- [WHAT THE EXERCISE ASKS]:
Reproduce the listing that follows word for word, without its pictures.

(EXERCISE INPUT begins)

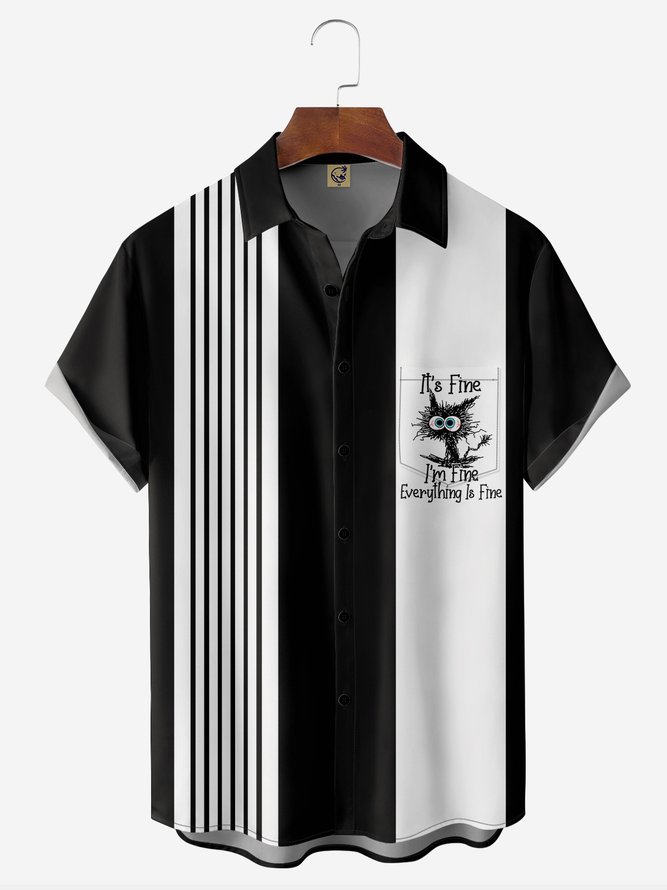 Funny Black Cat Chest Pocket Short Sleeve Bowling Shirt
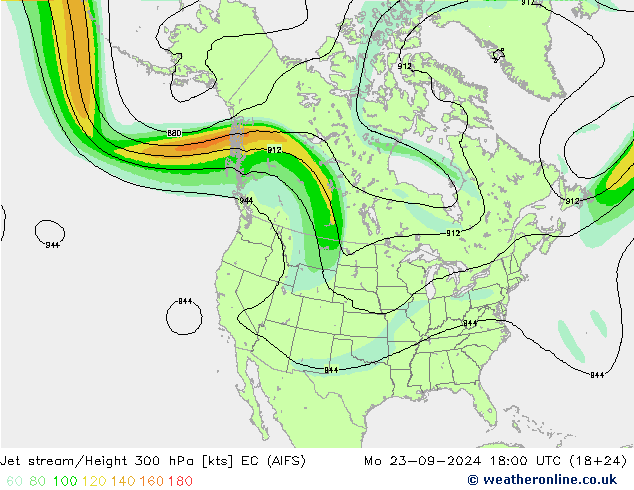 Jet stream EC (AIFS) Seg 23.09.2024 18 UTC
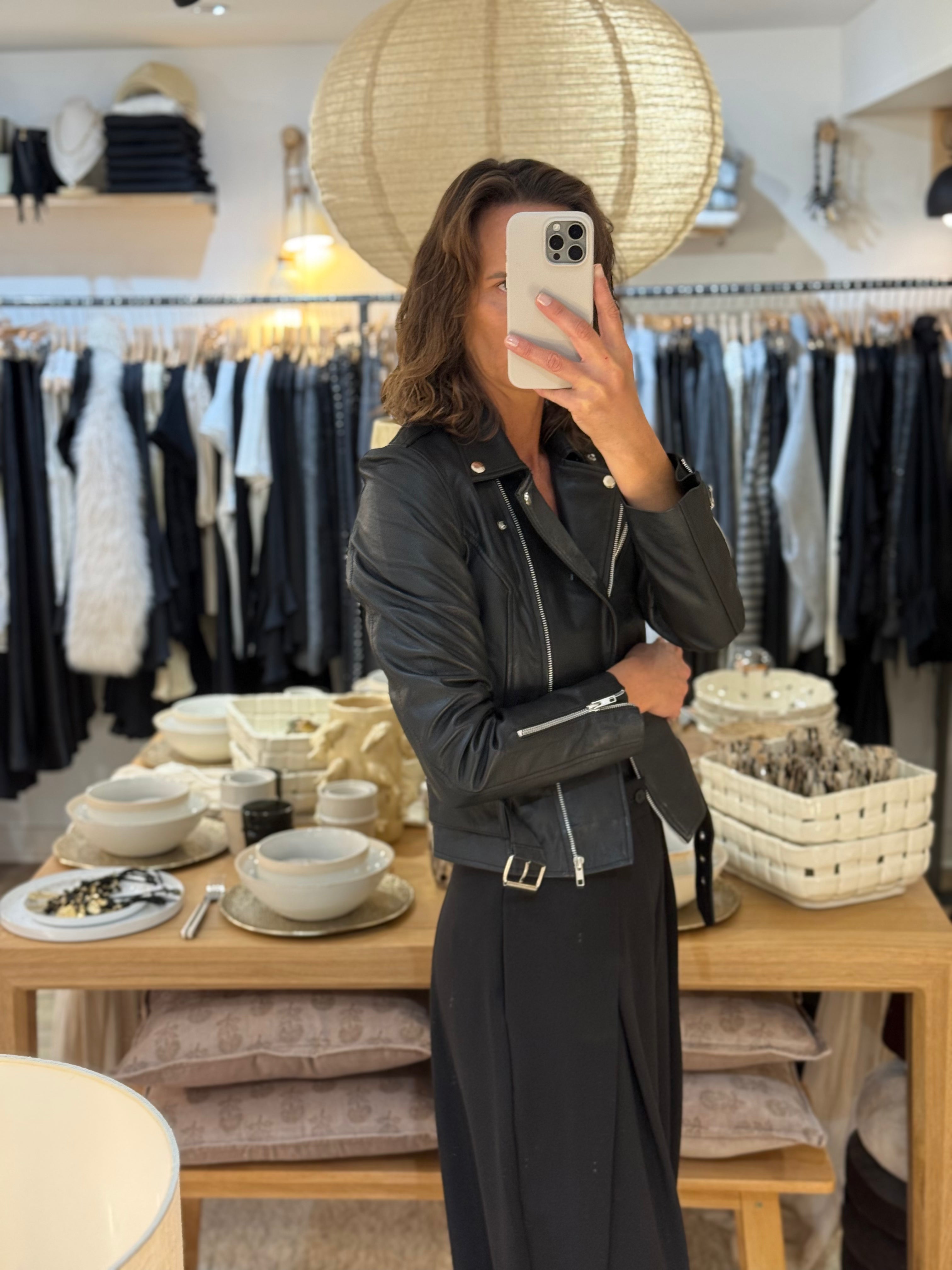 VESTE PERFECTO EN CUIR DONNA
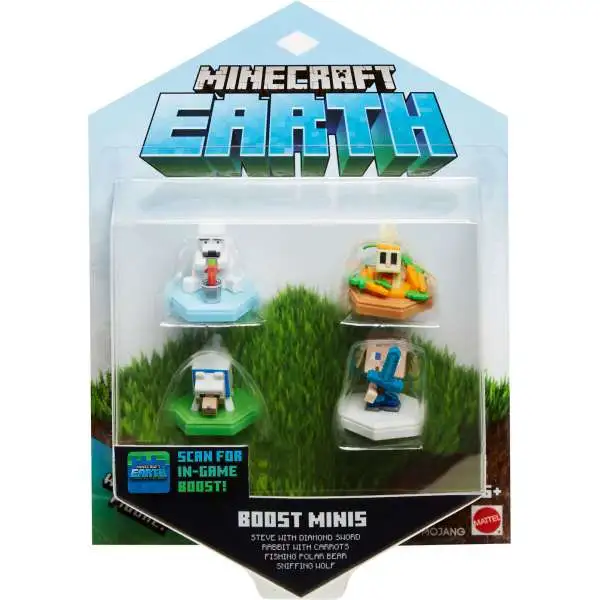 Minecraft Earth Boost Minis Fishing Polar Bear, Snacking Rabbit, Attacking Steve & Seeking Wolf Exclusive Figure 4-Pack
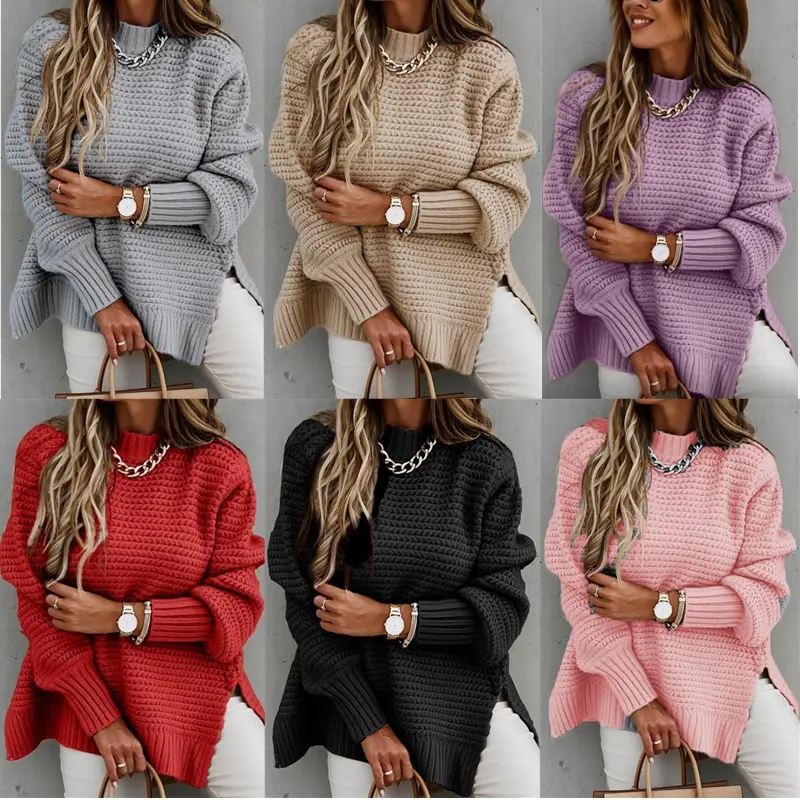 Y208128 sıcak satış 6 renkler artı boyutu basit tasarım kadınlar katı renk büyük boy yumuşak kumaş kazak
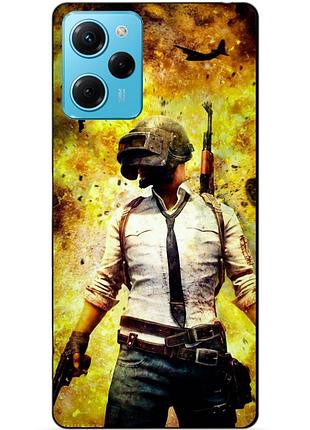 Силиконовый чехол бампер для xiaomi redmi note 12 pro speed edition с рисунком пабг puвg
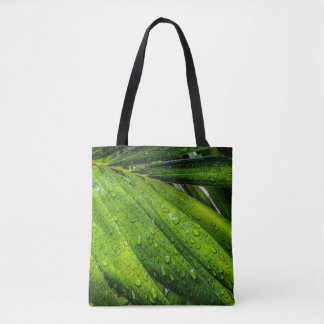 Bolso De Tela Verdes tropicales con gotas de lluvia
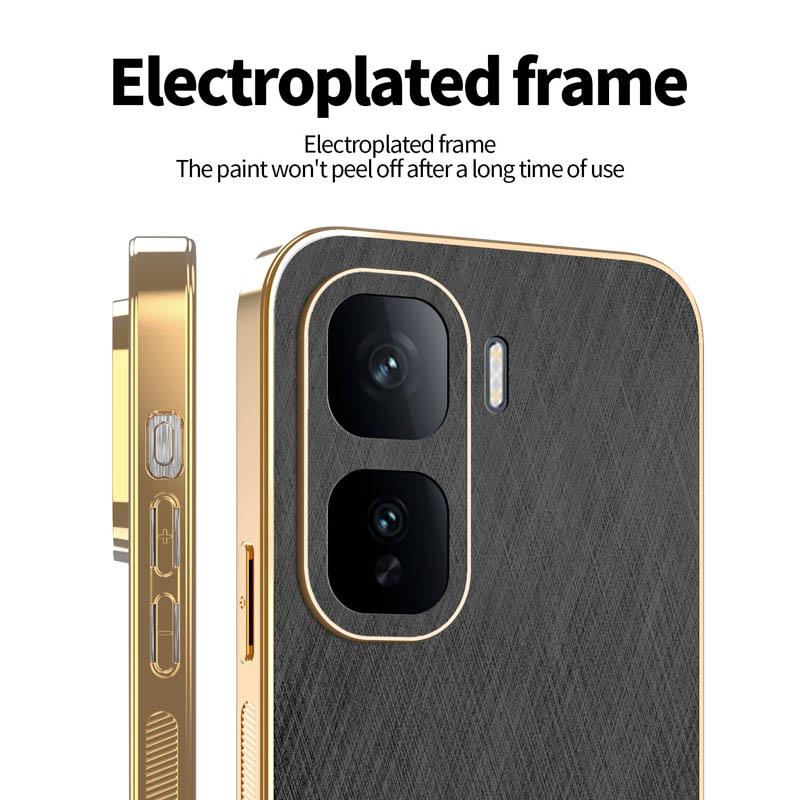 Stripe Thread Texture Leather Back Plating Case For iQOO Neo10 9 9S 8 Pro Plus Anti Fingerprint Slide Camera Protector Shell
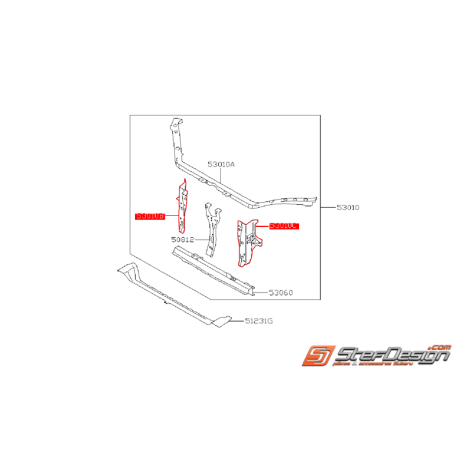 Joue de phare face avant SUBARU STI 08-14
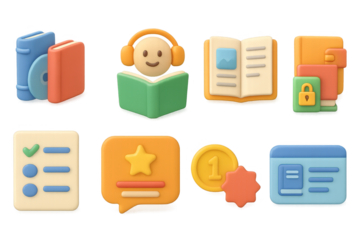Colorful 3d icons for education and learning apps in modern design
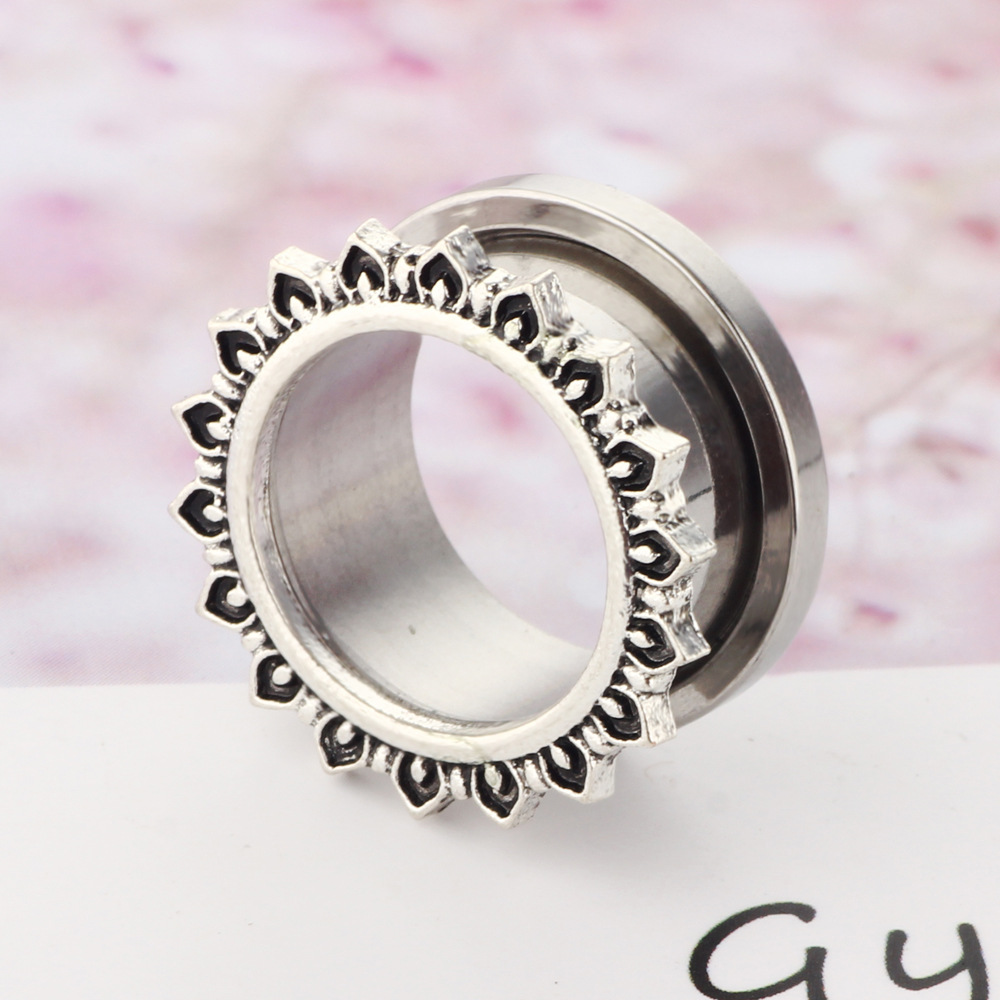 Rose Gold 16G Ear Expander Taper Stainless Steel Pulley Line Ear Stretcher Simple Geometric Body Jewelry detail image 9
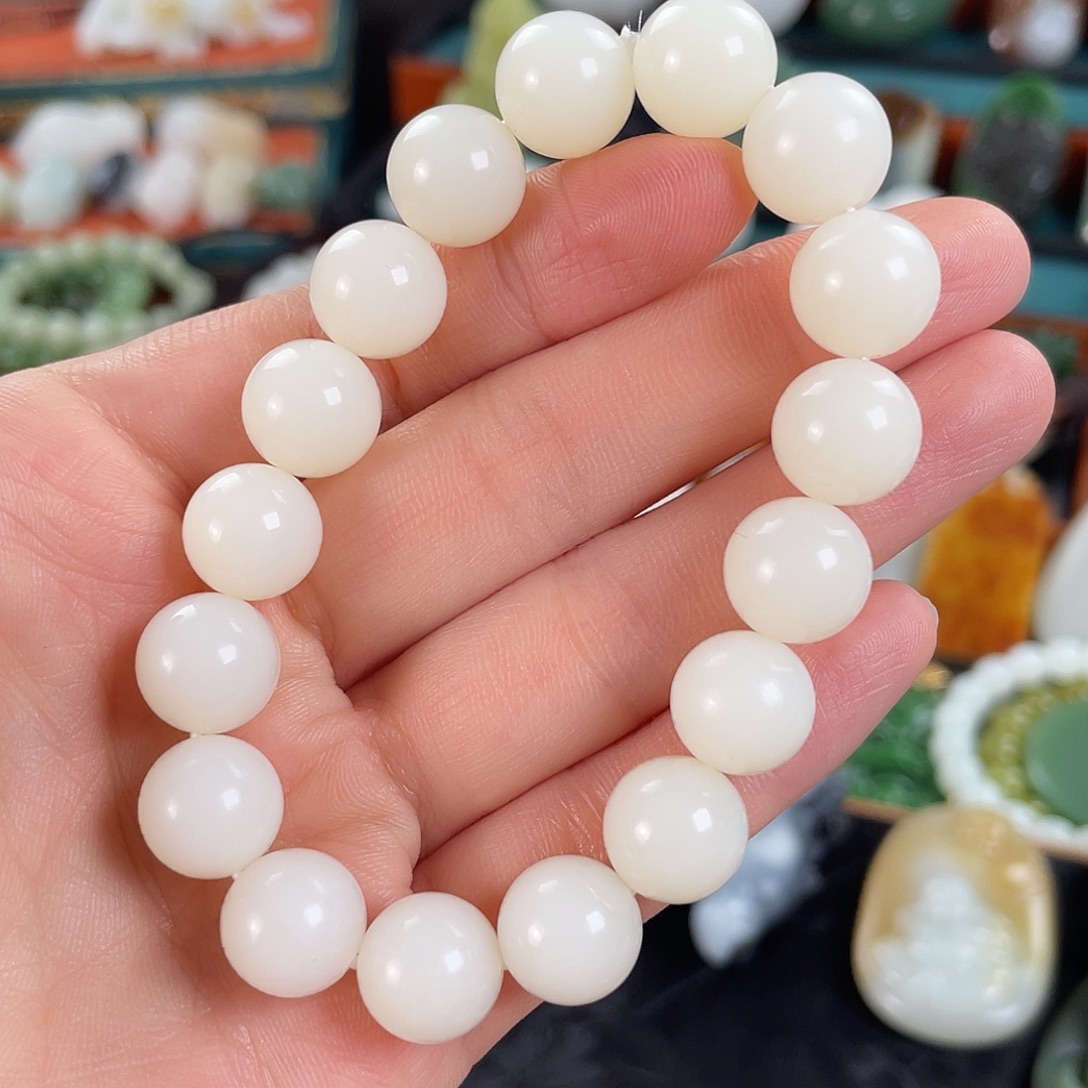 和田玉未镶嵌手串新疆一细米达12mm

(EXERCISE INPUT ends)

- [ANSWER]:
 Funny Black Cat Chest Pocket Short Sleeve Bowling Shirt
 Jet stream EC (AIFS) Seg 23.09.2024 18 UTC
 VESTE PERFECTO EN CUIR DONNA
 Minecraft Earth Boost Minis Fishing Polar Bear, Snacking Rabbit, Attacking Steve & Seeking Wolf Exclusive Figure 4-Pack
 Y208128 sıcak satış 6 renkler artı boyutu basit tasarım kadınlar katı renk büyük boy yumuşak kumaş kazak
 Силиконовый чехол бампер для xiaomi redmi note 12 pro speed edition с рисунком пабг puвg
 Bolso De Tela Verdes tropicales con gotas de lluvia
 Stripe Thread Texture Leather Back Plating Case For iQOO Neo10 9 9S 8 Pro Plus Anti Fingerprint Slide Camera Protector Shell
 Joue de phare face avant SUBARU STI 08-14
Colorful 3d icons for education and learning apps in modern design
 Rose Gold 16G Ear Expander Taper Stainless Steel Pulley Line Ear Stretcher Simple Geometric Body Jewelry detail image 9
 和田玉未镶嵌手串新疆一细米达12mm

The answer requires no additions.